The book is not simply a collection of individual portraits; the characters are all knotted together, as people are in real life, by what we may call chance or destiny, rather than by deliberate choice of each other's company: it is the whole pattern that they form, rather than any individual constituent, that is the focus of interest. We come to know them through their effect on each other, and by what they say to each other about the others. And finally, it ought to be superfluous to observe -- but perhaps to anyone reading the book for the first time, it is not superfluous -- that the book is not a psychopathic study. The miseries that people suffer through their particular abnormalities of temperament are visible on the surface: the deeper design is that of the human misery and bondage which is universal. In normal lives this misery is mostly concealed; often, what is most wretched of all, concealed from the sufferer more effectively than from the observer. The sick man does not know what is wrong with him; he partly wants to know, and mostly wants to conceal the knowledge from himself. In the Puritan morality that I remember, it was tacitly assumed that if one was thrifty, enterprising, intelligent, practical and prudent in not violating social conventions, one ought to have a happy and "successful" life.
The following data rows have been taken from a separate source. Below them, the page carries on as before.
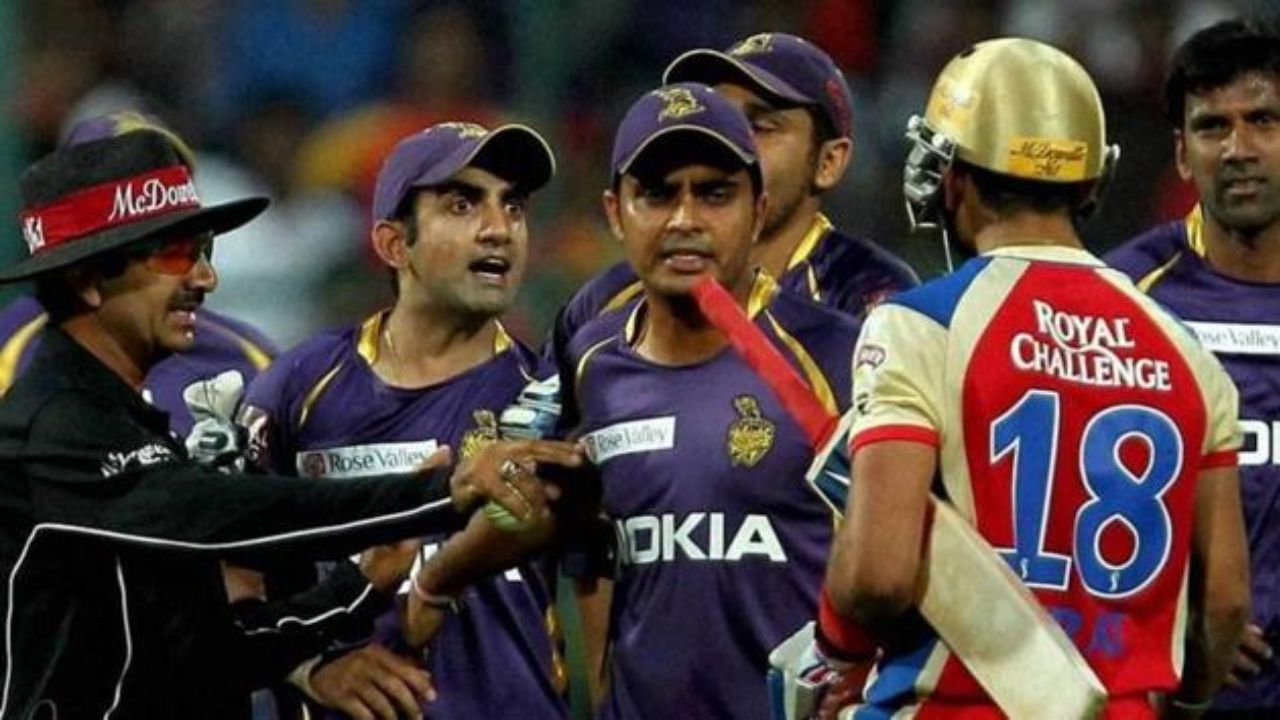 Rajat Bhatia Gautam Gambhir And Virat Kohli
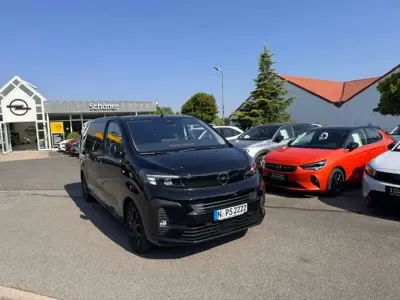Gebraucht Opel Zafira Life 179 PS (131 kW) 2026 Lackierung schwarz perla nera Van / Kleinbus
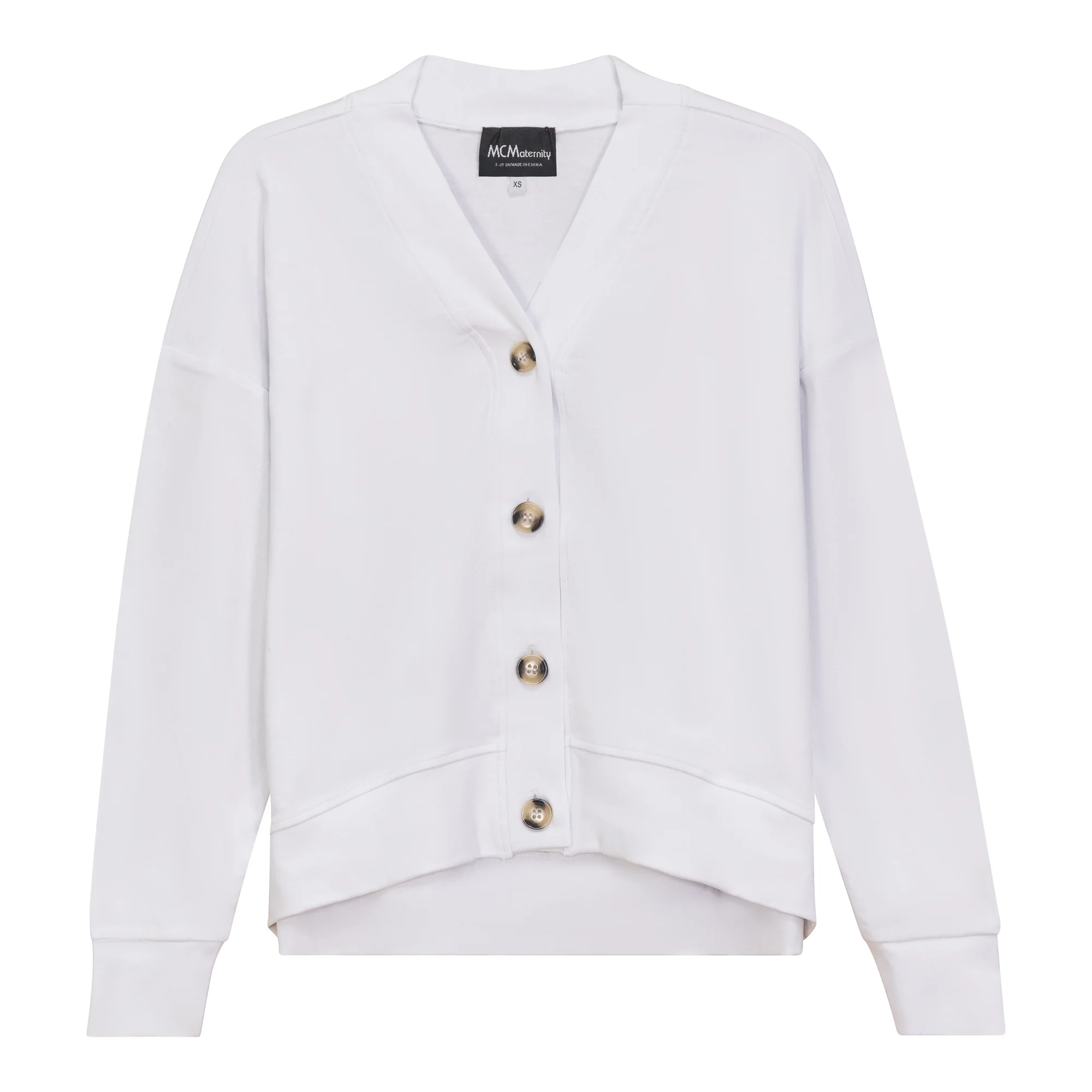 Maternity Drop Shoulder Cardigan - Image 2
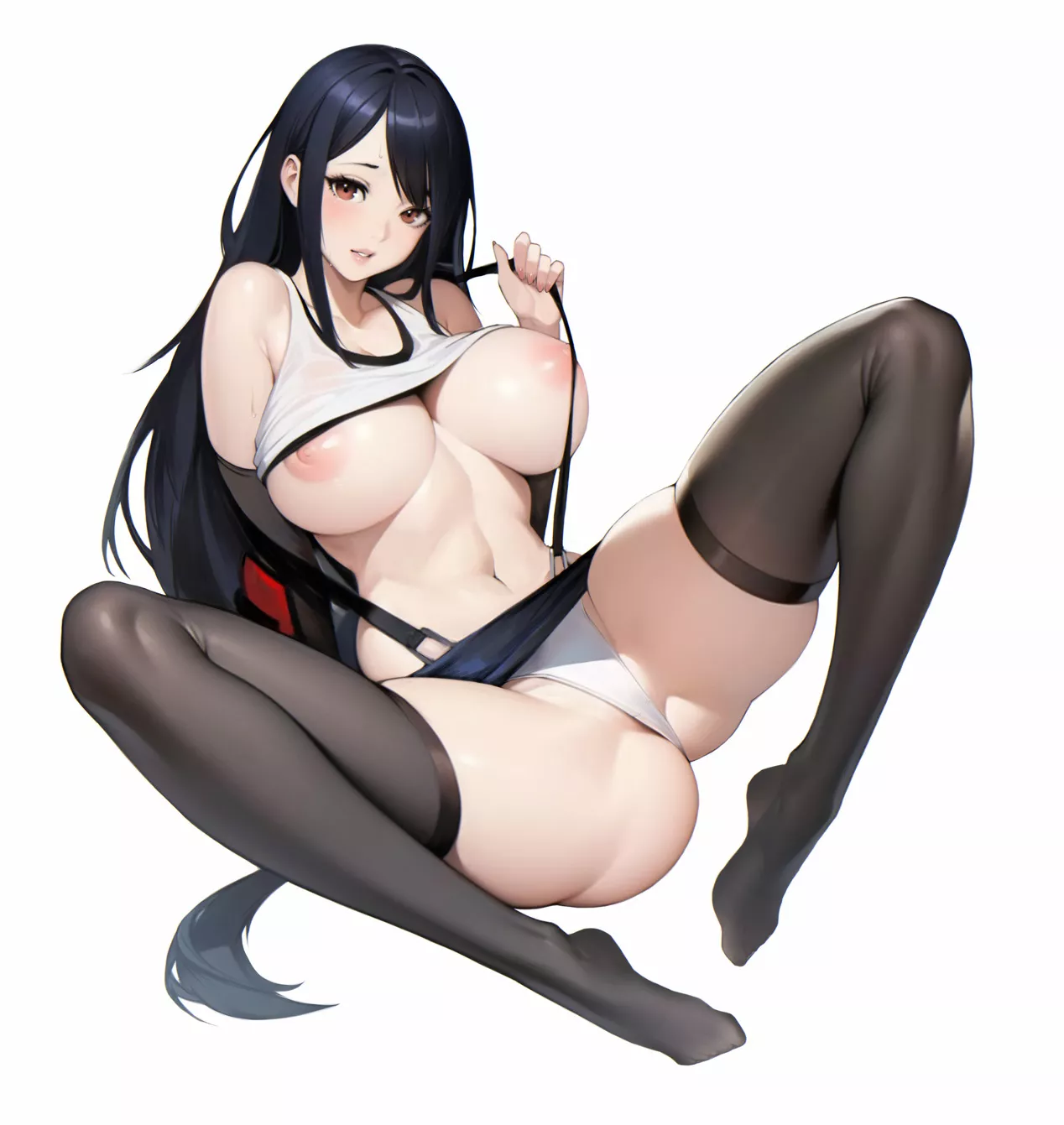 Naughty TIFA LOCKHART [FF14]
Failure was due to some weakness or perversity peculiar to the individual; but the decent man need have no nightmares. It is now rather more common to assume that all individual misery is the fault of "society," and is remediable by alterations from without. Fundamentally the two philosophies, however different they may appear in operation, are the same. It seems to me that all of us, so far as we attach ourselves to created objects and surrender our wills to temporal ends, are eaten by the same worm. Taken in this way, Nightwood appears with profounder significance. To regard this group of people as a horrid sideshow of freaks is not only to miss the point, but to confirm our wills and harden our hearts in an inveterate sin of pride.
I should have considered the foregoing paragraph impertinent, and perhaps too pretentious for a preface meant to be a simple recommendation of a book I greatly admire, were it not that one review (at least), intended in praise of the book, has already appeared which would in effect induce the reader to begin witb this mistaken attitude. Otherwise, generally, in trying to anticipate a reader's misdirections, one is in danger of provoking him to some other misunderstanding unforeseen. This is a work of creative imagination, not a philosophical treatise. As I said at the beginning, I am conscious of impertinence in introducing the book at all; and to have read a book a good many times does not necessarily put one in the right knowledge of what to say to those who have not yet read it. What I would leave the reader prepared to find is the great achievement of a style, the beauty of phrasing, the brilliance of wit and characterisation, and a quality of horror and doom very nearly related to that of Elizabethan tragedy.